February 24, 2009
Jane Frere, set designer and co-deviser, writes“Shoes have always held a great fascination for me as a artist. The humble shoe not only takes on the form of its wearer, but bears witness to that person’s journey through life. Shoes retain a memory, in a way become objects of nostalgia, and when the wearer has long since gone, for me the shoe retains an element of that person’s spirit, acts as a kind of portrait.
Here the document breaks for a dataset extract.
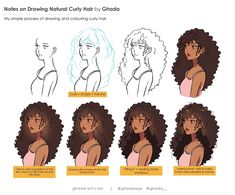 the stages of how to draw curly hair for girls with long hair and no bangs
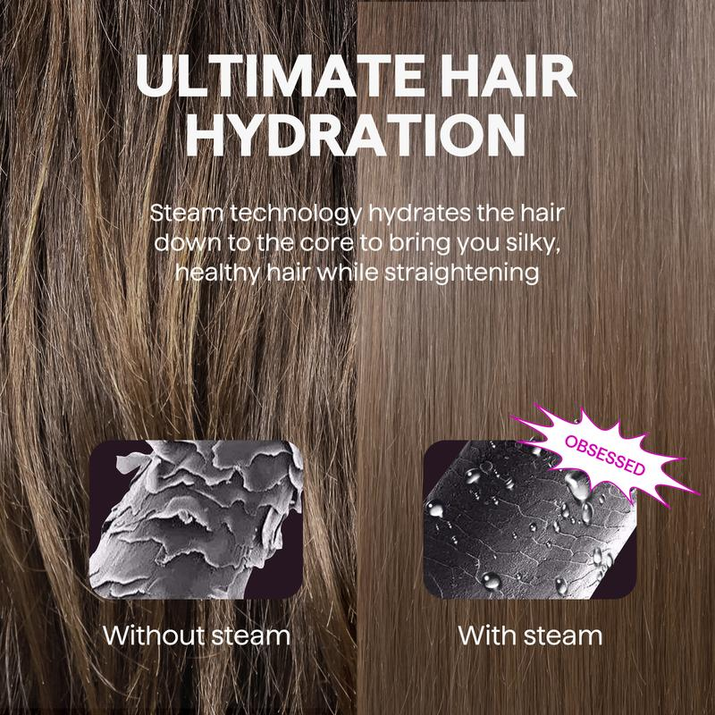 Wavytalk Nano-Titanium Steam Sesh Hair Straightener Brush - Achieve Frizz-Free, Shiny Hair with Detachable Comb & 1.38'' Wide Plate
I first used shoes thematically in a promenade theatre design set in a disused shoe factory in the suburbs of Athens in 1992. The production “Woman at War” addressed the plight of refugees, primarily in that case from Bosnia. The shoes became a metaphor for the displaced. A decade later I stumbled across shoes again when I made a succession of visits to the former Nazi concentration camp at Majdenek in Lublin, East Poland. I was so overwhelmed by the vast scale of the massed piles of shoes – testimony to the many thousands who died there – that I filmed them for a video installation. Ironically it was in Majdanek that I conceived the idea for my art installation, “The Nakbah Project, Return of the Soul”, which relates to the consequences of the holocaust and the subsequent displacement of three quarter of a million Palestinians when the state of Israel was formed in 1948. In Go to Gaza, Drink the Sea, the mountains of shoes can represent a desecrated landscape, pulverised by the bombardment of tonnes of explosives from air, land and sea. At the same time the shoes can have many meanings, symbolizing people both dead and alive.”